How Double Fine Approaches Strategy Games (by Brad Muir)
·         Double Fine, Alter Echo, Psychonauts, Brutal Legend, Iron Brigade, Brazzen
·         Current project is Massive Chalice, play as an immortal ruler, fight demonic creatures on a tactical human scale, strategy layer of managing the entire kingdom (spending resources, technology to research), cadence will attack every 10-20 years and your heroes will age throughout the time, you need to retire heroes and marry them together so they’ll have children who will defend the kingdom
·         Inspiration – XCOM, Final Fantasy Tactics
·         Goals – character attachment through mechanics, permadeath, generational component inspires self-reflection, original fantasy world (no orcs, elves, dragons)

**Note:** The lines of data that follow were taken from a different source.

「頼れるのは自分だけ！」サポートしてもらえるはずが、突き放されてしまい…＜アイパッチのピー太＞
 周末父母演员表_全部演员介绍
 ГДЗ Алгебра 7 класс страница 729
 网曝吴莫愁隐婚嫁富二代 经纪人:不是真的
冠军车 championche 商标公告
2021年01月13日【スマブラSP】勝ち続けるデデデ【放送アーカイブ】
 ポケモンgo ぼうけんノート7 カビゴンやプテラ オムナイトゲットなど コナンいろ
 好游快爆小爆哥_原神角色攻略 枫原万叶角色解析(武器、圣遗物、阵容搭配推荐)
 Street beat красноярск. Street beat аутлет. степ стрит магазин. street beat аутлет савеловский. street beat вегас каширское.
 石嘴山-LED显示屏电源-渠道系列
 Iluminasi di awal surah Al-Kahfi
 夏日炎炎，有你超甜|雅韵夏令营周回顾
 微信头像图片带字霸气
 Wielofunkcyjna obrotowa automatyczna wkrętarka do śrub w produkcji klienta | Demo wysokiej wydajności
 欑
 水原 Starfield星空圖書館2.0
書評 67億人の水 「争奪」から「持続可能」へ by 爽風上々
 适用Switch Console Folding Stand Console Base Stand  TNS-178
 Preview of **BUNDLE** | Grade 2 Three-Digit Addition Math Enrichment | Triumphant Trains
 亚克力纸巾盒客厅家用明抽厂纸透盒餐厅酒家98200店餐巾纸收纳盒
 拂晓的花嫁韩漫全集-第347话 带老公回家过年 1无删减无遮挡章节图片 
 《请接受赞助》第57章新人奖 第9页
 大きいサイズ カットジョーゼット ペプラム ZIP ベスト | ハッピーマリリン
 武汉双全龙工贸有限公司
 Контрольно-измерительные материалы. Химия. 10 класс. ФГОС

·         Open development – forums, blogs, team stream every 2 weeks, 2 Player Productions
·         Designing in the open is super weird, tons of feedback, difficult to sort, dealing with vocal minorities, beware of local maxima
·         Case Study: Relics, consolation prize for embracing permadeath, if your hero has enough prestige when he dies, he’ll become a permanent relic to equip a later generation. Avoid the design space of researched equipment, became an avenue for ancestor attacks (ghost dad attacks), can be like Catholic relics, but many fans were unhappy with it.
·         Relic redesign – lean into the flavor of generational weapons, human weapons are relics, when a hero dies, his weapon may become a family relic, relics continue leveling up over generations, relics are bound to a hero for life (can’t be used even if they are retired from the battlefield).
·         Leaves the door open for lots of research options (demonic weapons).
·         Critical hits are non-contextualize aspect of fantasy games, critical hits can be ancestor attacks.
·         Takeaways – don’t get too attached to your beautiful designs (the search for elegance and streamsline), a little inelegance is okay, remember your audience, obey the rule of cool
DISCUSSION
·         Designer’s responsibility to lead the player into wanting better things, not just the things they want now. Ultimately, it’s down to your choice about what goes in the game.
·         Facebook seems like the perfect place for strategy and board games (resource management, social aspects). But the things that board games do so well are endings, and that is non-existent in many video games. Losing a game is more palatable the shorter it is (Super Meat Boy), but when it gets longer and longer, the decisions have more weight in them (Neptune’s Pride).
·         Competitive strategy games are less compatible with business in the free-to-play model. “Magic the Gathering doesn’t have much of a system... it requires a max influx of content to survive.” – Keith Burgan.
·         What makes a game not transparent? When there’s too much complexity that the player is lost, when there’s too many choices with granularity.
·         Dynamic system “fetishes the system as an object” as opposed to the ineffable experience of the player. Does making a system elegant and super streamlined make it any more fun?
·         Dear Esther, Proteus, Gone Home… to Soren, these things are orthogonal to dynamic systems.. they’re not polar opposites.
·         League of Legends and Dota’s rules create a very negative experience and generate violent communities.
·         A game like Go is its own aesthetic experience.
·         Keith doesn’t use the word “fun,” he uses the word “value.”
·         MDA – designer created the mechanics, which creates the aesthetics. With music, we can start with message first or the melody first. With games, we can start with mechanics first or aesthetics/theme first.